* [Exercise goal]
For the material below, return exactly the lines starting at the line containing "Pronájem bytu 2+kk 40 m2 - Fotografie 1" and ending at the line containing "maison d'architecte /magnifique", both ends included, and no others.

═══ Raw data ═══

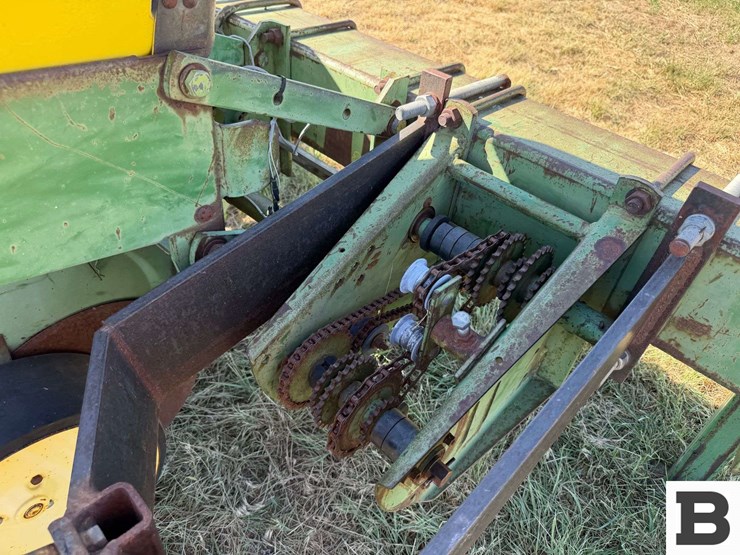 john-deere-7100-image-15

═══
═══ Raw data ═══

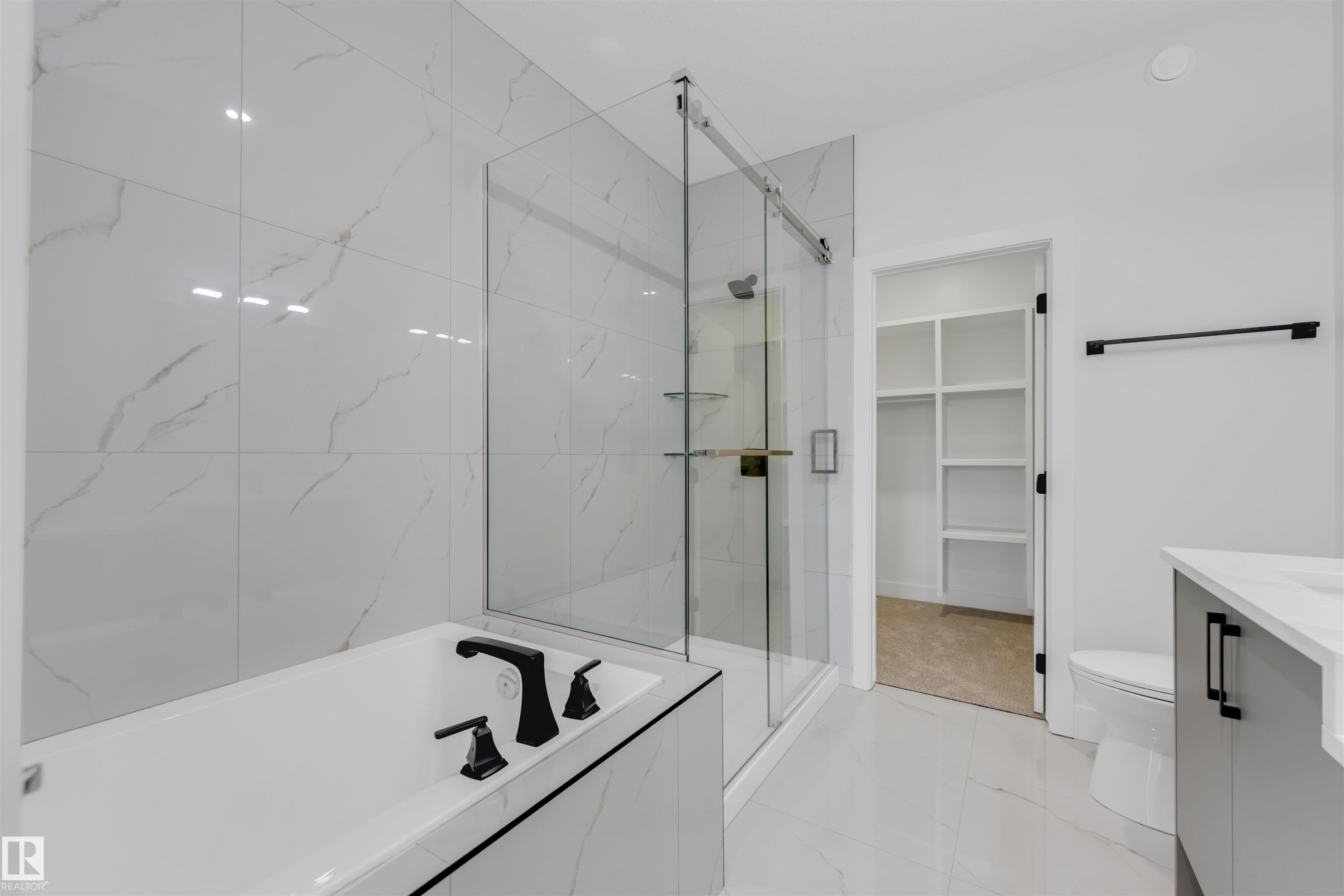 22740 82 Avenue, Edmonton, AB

═══
═══ Raw data ═══

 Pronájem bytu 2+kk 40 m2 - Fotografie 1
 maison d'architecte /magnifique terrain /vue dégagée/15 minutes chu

═══

* [Result of this exercise]
 Pronájem bytu 2+kk 40 m2 - Fotografie 1
 maison d'architecte /magnifique terrain /vue dégagée/15 minutes chu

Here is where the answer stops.